3–4 pounds bones of any type—beef, bison or buffalo, marrow bones, lamb, venison, chicken, duck, goose, turkey, goat, or pork, roasted at 400°F for 50 minutes. Add chicken feet or beef knuckles for more nutrition and flavor. Don’t knock it till you try it!
1 gallon filtered water
3–5 cups assorted vegetables, roots, and fresh or dry herbs
10 cloves garlic, peeled
1. In a large stockpot or Crock-Pot, submerge the bones in the filtered water (adding more if necessary). Bring to a low simmer and allow to cook covered for 6 to 12 hours if using chicken bones, 12 to 24 hours (up to 48, if desired) when using larger bones like beef. During the first few hours, skim away any gray foam that rises to the top. This is the time to add mushrooms like maitake or shiitake, as well as astragalus root or ginger.

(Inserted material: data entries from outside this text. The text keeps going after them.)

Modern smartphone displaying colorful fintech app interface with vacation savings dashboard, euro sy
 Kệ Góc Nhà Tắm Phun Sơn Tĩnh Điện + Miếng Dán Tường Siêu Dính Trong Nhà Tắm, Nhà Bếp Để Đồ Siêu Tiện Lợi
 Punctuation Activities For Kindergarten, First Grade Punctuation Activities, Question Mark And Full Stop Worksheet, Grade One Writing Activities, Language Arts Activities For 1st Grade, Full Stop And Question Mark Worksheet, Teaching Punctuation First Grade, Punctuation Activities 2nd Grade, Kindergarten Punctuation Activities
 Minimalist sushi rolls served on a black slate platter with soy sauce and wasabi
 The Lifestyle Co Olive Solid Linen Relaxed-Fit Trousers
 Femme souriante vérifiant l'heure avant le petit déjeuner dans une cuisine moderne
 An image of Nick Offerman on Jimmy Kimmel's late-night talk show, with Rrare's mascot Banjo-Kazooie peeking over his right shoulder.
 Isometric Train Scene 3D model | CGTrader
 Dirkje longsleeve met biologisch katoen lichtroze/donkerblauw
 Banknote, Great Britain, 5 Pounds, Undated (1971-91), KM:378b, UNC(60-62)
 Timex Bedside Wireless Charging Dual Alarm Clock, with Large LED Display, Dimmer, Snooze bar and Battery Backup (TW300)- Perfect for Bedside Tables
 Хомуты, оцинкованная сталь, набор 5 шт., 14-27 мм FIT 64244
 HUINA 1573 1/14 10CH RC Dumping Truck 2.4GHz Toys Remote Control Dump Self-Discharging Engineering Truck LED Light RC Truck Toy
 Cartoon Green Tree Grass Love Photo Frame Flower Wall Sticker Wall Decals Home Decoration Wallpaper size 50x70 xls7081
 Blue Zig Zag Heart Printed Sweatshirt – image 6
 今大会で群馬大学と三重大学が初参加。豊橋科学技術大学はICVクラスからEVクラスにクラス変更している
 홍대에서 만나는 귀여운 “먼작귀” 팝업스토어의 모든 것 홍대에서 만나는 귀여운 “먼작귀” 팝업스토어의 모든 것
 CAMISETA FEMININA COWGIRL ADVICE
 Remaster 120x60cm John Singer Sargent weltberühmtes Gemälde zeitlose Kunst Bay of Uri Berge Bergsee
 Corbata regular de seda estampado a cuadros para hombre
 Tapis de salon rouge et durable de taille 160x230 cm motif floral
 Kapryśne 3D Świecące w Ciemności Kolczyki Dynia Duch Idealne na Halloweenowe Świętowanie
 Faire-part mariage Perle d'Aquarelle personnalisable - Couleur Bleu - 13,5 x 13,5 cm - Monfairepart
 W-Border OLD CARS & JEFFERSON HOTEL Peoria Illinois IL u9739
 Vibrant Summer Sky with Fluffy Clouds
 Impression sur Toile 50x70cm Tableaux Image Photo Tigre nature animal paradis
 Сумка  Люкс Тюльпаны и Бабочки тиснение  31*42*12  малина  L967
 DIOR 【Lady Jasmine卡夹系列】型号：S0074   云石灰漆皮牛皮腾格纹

2. During the last hour of cooking, you can add vegetables—except for garlic and fresh herbs, which you can add toward the end. A good indication that the broth is done is the bones become crumbly—a sign that the minerals are dissolving into the broth. (Make sure to eat the marrow—in pastured animals the marrow is dense with healthy fats that support immunity.)
3. Strain the broth through a colander or sieve and store in the fridge for up to a week or freeze it into cubes to have handy for future meals. The bits of ginger, reishi, and astragalus have already infused the soup and can be composted.
BLISS BALLS
Serves 10 as dessert, or keep in fridge and enjoy over several days
These make appealing, nutrient-dense treats that boost immunity all year round. A little goes a long way. There are endless variations, including dates, lemon zest, ground nuts, chia or hemp seeds, and so on. Get creative!
16-ounce jar sprouted nut butter, tahini, or sunflower butter
3/4 cup blackstrap molasses
1/4 cup grade B maple syrup (or 1/2 cup, depending on desired sweetness)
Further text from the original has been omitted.